(Stored items)

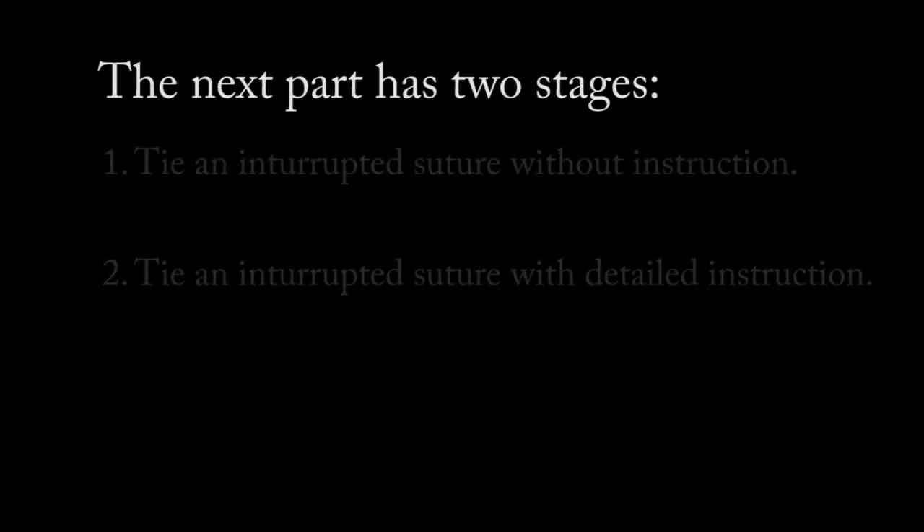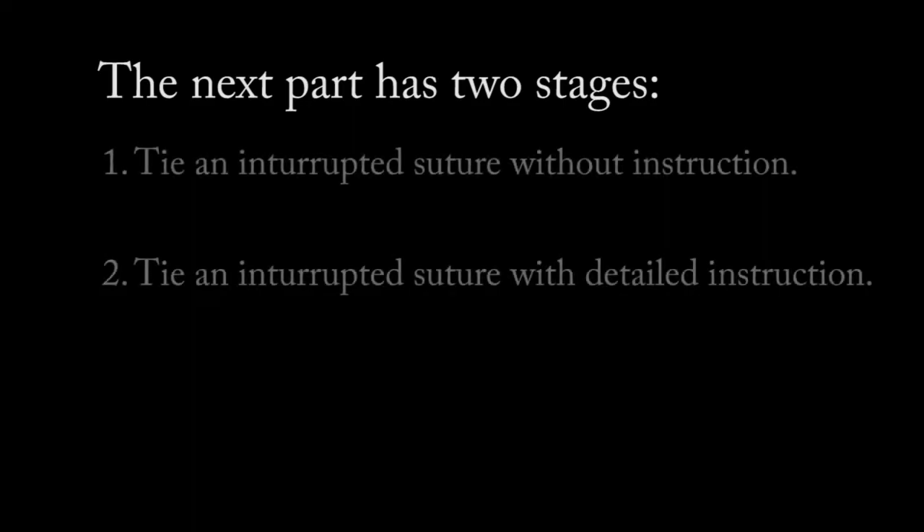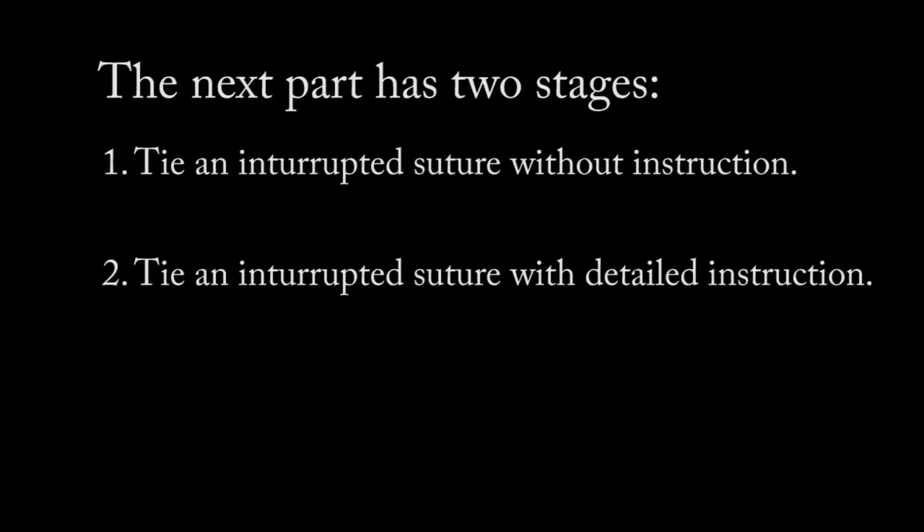The next part has two stages. I will tie an interrupted suture without instruction. Then, I will tie a second interrupted suture with detailed instruction.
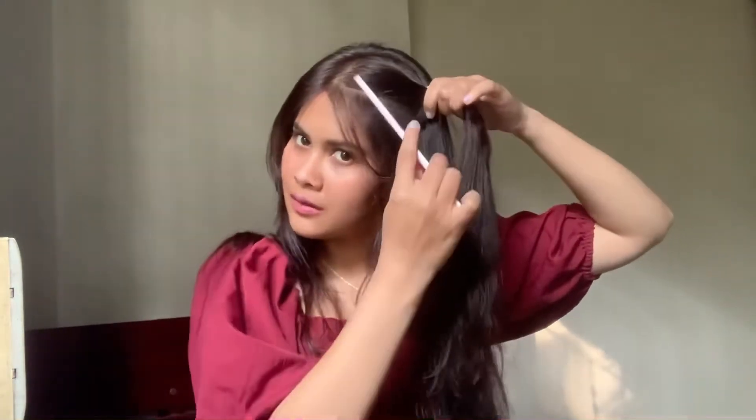Let me show you the second hairstyle. I will partition you. You have a little flicker, which is optional. And you want to add one pin.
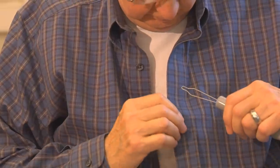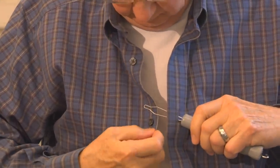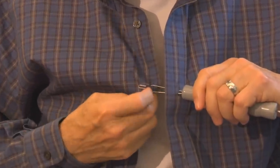Insert the button hook device through the buttonhole. Grab the shirt and position the button so that it is easy for the hook to loop around it. Once the button is within the button hook loop,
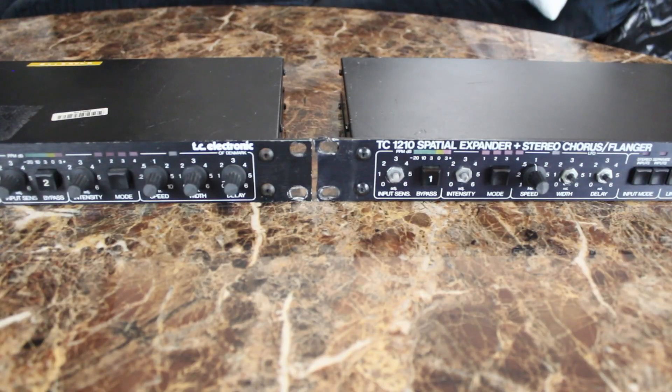TC Electronic does not support these units anymore — they can't be of any help with these, not even with getting new knobs. But I will be sending both of these units off to TNR Electronics, where they will be restored to factory spec, and I will put a link in the description. If you have a 1210 or a 2290 that needs service, you should check out this company. They work on other things as well, so I will send these units off and get back to you, and there will be a video, I promise.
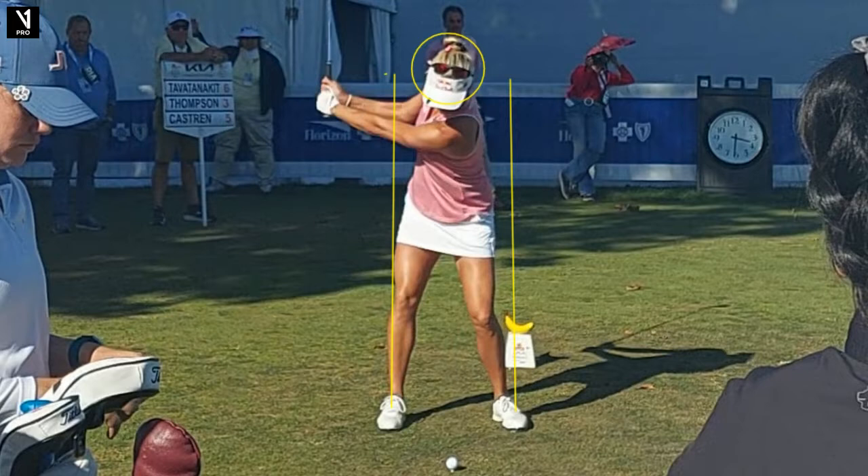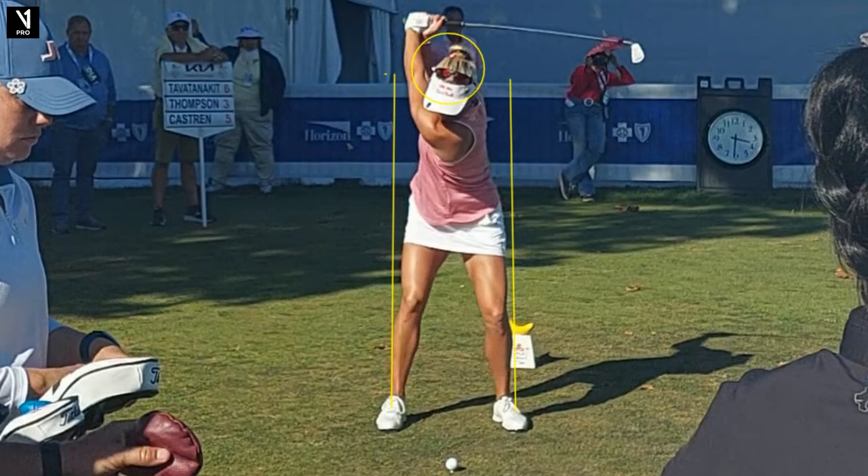Number one: when you get your left arm parallel to the ground in the backswing, do you have the letter L right there? If you do, good job. If you don't, here's what I want you to look for. Is the club too much in the palm of my left hand? If it is, you won't hinge properly and you'll lose a lot of distance.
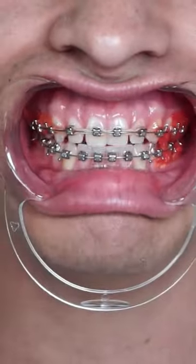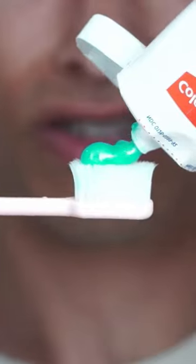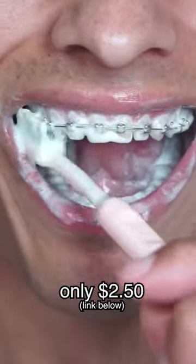This is the teeth after. Now it's time to Crunch Brush. The Crunch Brush is perfect for braces with its soft bristles and works right in between the brackets to clean your teeth. And it's only $2.50 if you subscribe to The Great Smile Club.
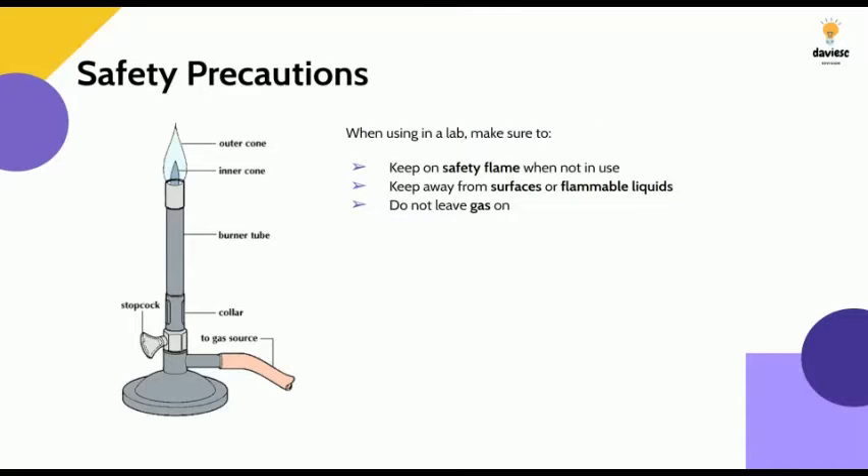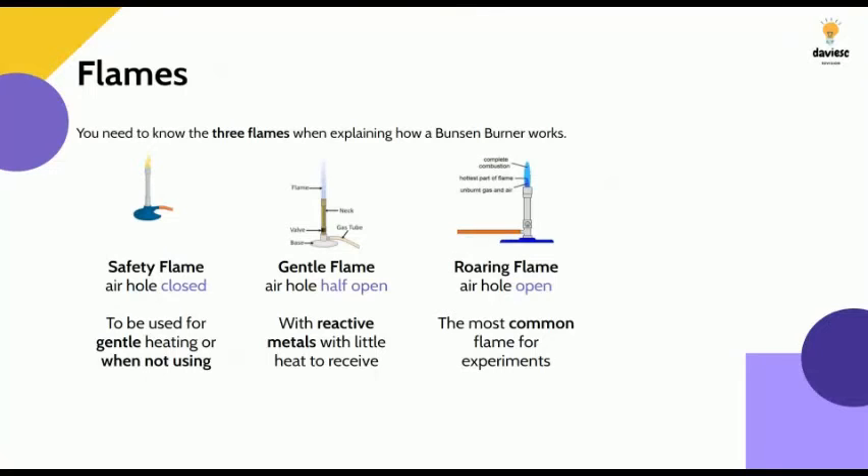Typical safety precautions you should know are: keeping the safety flame on when you're not using it, keeping it away from surfaces or flammable liquids, and not leaving the gas on when you're not using the Bunsen burner.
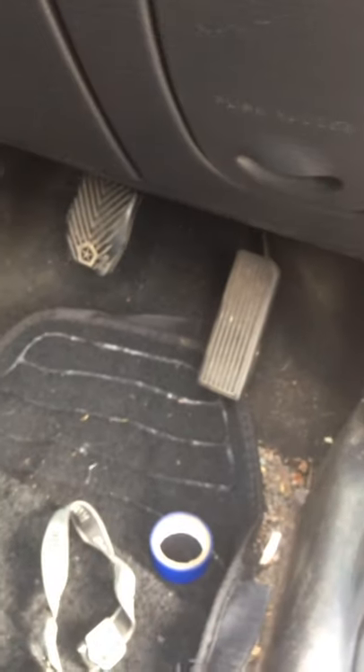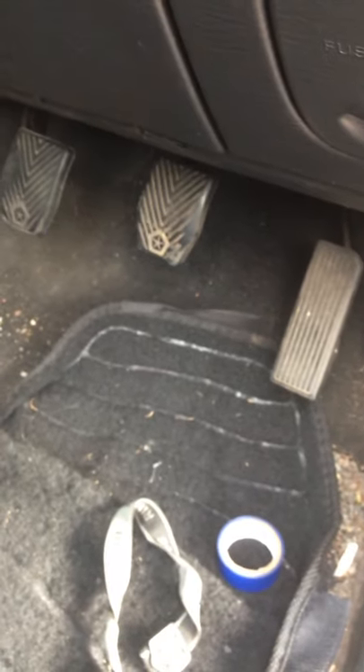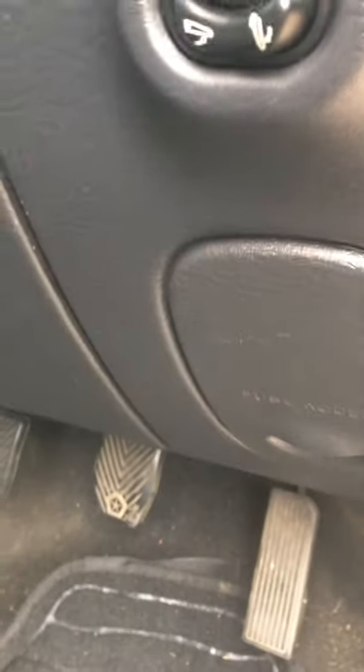Clutch start bypass for PT Cruiser — mine's a 2004. I'm assuming they're all pretty much the same. This was very simple to do and just involved the use of one scotch lock clamp. Getting up in here and trying to film this is going to be a bit tricky, so I'll more sort of describe it rather than actually show visuals.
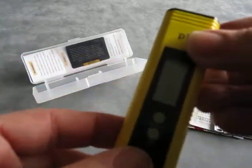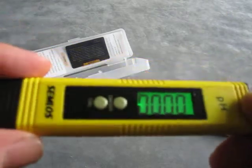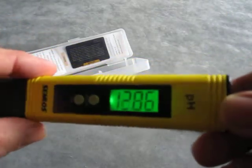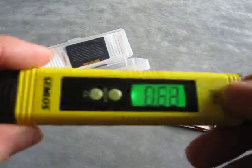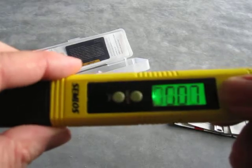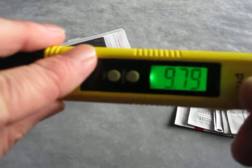We've also got two buttons here: a calibration button and the main power button. Pressing the power button, as you can see, the display is backlit, giving a nice clear reading. It's not in any fluid at the minute, so it's not giving a correct reading.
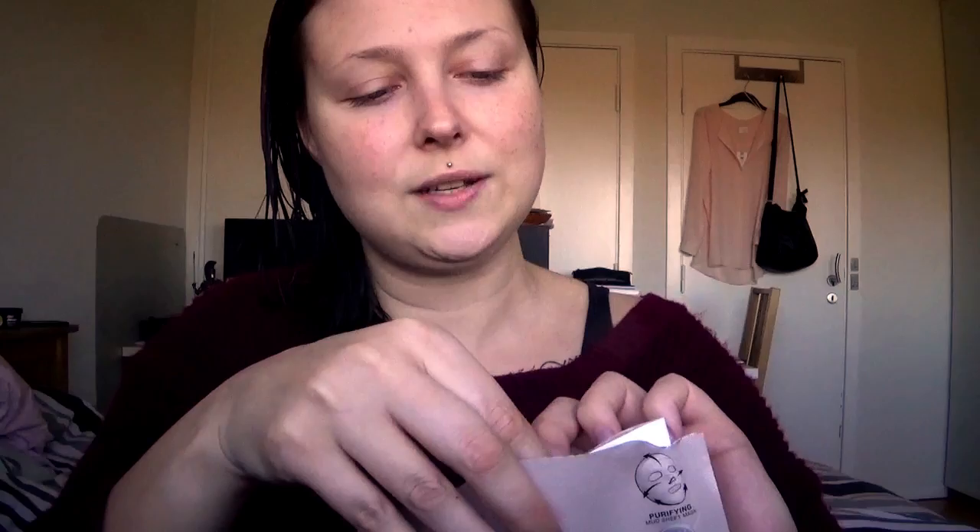I took it out of the sachet and it looks a bit different from the other masks I've tried — it's in two parts, one part for the upper face and one for the lower. The instruction says to place the upper piece on the face matching the position of the eyes, then remove the white film and smooth or gently stretch the mask for a perfect fit. This mask is very delicate and very soft, so I'm going to be really careful with it. It has the mask on one side and plastic on the other.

- **What you have to do**
Copy the records above exactly, from the first line through the line containing "Let me show", and leave out the pictures.

- **Solution to this exercise**
The next part has two stages. I will tie an interrupted suture without instruction. Then, I will tie a second interrupted suture with detailed instruction.
Let me show you the second hairstyle. I will partition you. You have a little flicker, which is optional. And you want to add one pin.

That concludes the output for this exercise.